What to do: Your answer should consist of the lines in the following data that contain "Jumpman".

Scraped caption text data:
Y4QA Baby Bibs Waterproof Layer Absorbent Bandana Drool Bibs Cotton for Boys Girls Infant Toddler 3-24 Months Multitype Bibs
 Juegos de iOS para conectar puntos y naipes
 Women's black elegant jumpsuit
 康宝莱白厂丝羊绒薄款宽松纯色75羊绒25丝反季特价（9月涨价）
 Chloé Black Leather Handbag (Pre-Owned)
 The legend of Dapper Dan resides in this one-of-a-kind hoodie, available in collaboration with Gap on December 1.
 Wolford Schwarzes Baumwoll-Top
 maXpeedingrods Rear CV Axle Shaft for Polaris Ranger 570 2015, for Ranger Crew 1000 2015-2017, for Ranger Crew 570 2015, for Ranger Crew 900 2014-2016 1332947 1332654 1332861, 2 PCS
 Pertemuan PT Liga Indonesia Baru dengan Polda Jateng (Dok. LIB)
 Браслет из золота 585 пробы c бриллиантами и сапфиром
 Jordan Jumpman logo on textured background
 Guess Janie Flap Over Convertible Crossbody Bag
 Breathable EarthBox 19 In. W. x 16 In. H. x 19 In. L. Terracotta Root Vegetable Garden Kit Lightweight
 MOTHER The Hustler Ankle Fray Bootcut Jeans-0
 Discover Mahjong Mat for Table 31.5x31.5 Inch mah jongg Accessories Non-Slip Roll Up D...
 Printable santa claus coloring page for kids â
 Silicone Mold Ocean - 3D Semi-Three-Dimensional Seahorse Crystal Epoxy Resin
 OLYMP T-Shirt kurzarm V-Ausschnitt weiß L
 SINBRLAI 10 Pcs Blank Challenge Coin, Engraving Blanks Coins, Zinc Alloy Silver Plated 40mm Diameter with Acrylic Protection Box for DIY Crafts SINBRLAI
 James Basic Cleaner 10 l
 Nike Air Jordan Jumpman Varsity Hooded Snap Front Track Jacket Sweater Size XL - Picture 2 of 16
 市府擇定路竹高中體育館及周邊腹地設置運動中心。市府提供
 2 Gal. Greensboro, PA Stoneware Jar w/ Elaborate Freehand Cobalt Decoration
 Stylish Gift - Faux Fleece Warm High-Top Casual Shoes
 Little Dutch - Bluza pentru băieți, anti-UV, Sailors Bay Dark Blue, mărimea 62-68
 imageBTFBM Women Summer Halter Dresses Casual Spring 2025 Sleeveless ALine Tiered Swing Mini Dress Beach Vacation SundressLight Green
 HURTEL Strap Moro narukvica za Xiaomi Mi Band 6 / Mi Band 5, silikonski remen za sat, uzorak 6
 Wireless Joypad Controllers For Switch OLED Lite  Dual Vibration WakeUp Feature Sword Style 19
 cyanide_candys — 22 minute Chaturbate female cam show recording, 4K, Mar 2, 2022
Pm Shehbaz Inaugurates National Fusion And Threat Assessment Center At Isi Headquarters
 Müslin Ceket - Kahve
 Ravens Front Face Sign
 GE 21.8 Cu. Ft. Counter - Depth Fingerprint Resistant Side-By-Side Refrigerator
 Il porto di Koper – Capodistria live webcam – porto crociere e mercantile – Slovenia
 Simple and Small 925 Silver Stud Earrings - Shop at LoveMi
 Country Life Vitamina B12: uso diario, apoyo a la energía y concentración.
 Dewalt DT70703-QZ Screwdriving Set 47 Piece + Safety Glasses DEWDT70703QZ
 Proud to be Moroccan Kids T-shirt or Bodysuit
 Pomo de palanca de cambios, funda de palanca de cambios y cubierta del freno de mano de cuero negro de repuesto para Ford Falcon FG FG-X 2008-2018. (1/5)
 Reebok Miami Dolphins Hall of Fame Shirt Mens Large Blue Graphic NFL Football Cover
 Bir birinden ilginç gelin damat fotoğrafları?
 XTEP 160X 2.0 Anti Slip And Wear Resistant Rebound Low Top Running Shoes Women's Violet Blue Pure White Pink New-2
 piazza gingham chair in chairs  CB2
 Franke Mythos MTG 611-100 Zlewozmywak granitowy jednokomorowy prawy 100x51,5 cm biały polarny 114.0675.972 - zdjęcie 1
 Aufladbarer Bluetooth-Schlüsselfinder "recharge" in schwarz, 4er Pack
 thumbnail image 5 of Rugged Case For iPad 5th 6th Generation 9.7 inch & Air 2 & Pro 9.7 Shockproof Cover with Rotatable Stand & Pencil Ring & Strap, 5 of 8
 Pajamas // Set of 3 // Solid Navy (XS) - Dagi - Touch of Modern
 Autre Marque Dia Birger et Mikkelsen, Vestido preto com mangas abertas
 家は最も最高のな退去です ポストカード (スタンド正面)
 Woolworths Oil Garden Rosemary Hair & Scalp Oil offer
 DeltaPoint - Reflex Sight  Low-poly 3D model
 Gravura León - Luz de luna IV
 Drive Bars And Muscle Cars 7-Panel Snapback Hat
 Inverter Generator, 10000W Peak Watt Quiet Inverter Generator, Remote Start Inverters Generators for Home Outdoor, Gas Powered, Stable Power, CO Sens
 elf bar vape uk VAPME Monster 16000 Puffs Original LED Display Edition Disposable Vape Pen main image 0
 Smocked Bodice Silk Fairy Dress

Solution:
 Jordan Jumpman logo on textured background
 Nike Air Jordan Jumpman Varsity Hooded Snap Front Track Jacket Sweater Size XL - Picture 2 of 16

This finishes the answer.